3. Dans un mémoire additionnel du 21 mars 1996, il allègue la violation de l’article 2 du protocole n° 7 à la Convention en ce qu’il aurait été privé du double degré de juridiction.

EN DROIT

1. Le requérant considère que sa cause n’a pas été entendue équitablement et invoque l’article 6-1 de la Convention, dont les dispositions pertinentes sont ainsi rédigées :

" Toute personne a droit à ce que sa cause soit entendue équitablement (…) par un tribunal (…) impartial (…) qui décidera (…) du bien-fondé de toute accusation en matière pénale dirigée contre elle (…)"

Se référant au caractère inéquitable du procès, le requérant se plaint essentiellement du défaut d’impartialité de la cour d’assises, résultant, selon lui, du rôle prépondérant du président de la cour et des mentions portées sur la feuille des questions, qui auraient visé à influencer le jury sur sa culpabilité.

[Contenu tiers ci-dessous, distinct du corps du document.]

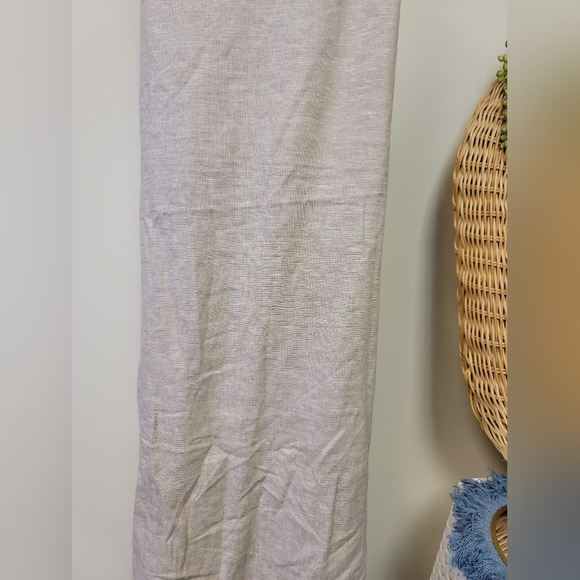 Revolve Krisa Khaki Dress Size XSmall - Picture 5 of 7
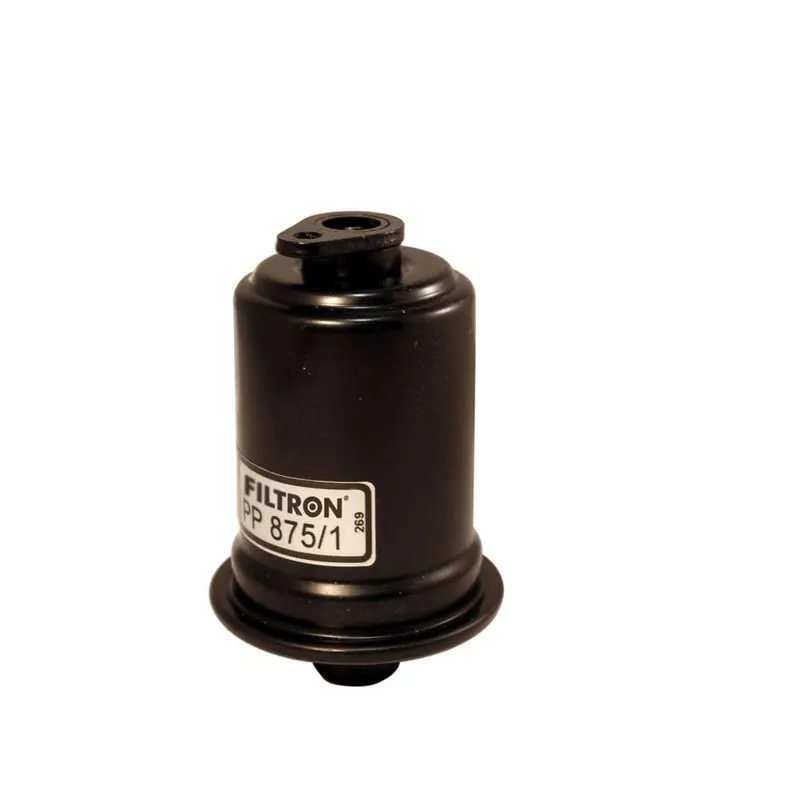 Degvielas filtrs FILTRON PP8751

La commission rappelle que l’impartialité d’un tribunal doit s’apprécier selon une démarche subjective, essayant de déterminer la conviction personnelle d’un juge déterminé dans une affaire donnée, mais également selon une démarche objective, amenant à s’assurer qu’il y avait en l’espèce des garanties suffisantes pour que soit exclu à cet égard tout doute légitime (cf. notamment CEDH, arrêt Piersack du 1er octobre 1982, série A, n° 53, page 14 ; arrêt du 24 février 1993, série A, n° 255-A, page 12, paragraphe 28 ; arrêt Kraska du 19 avril 1993, série A, n° 254-B, page 50, paragraphe 32). Ces principes valent pour les jurés comme pour les magistrats, professionnels ou non (CEDH, arrêt Holm du 25 novembre 1993, série A, n° 279, page 14, paragraphe 30 ; n° 16839/90, Remli c/France, rapport Commission du 30 novembre 1994 et CEDH, arrêt du 23 avril 1996, à paraître dans le Recueil des arrêts et décisions 1996).

Pour ce qui est de l’approche subjective, les organes de la Convention ont énoncé de façon constante qu’il y a lieu de présumer qu’un juge est impartial jusqu’à preuve du contraire (cf. notamment CEDH, arrêt Le Compte, Van Leuven et De Meyere du 23 juin 1981, série A, n° 43, page 25, paragraphe 58).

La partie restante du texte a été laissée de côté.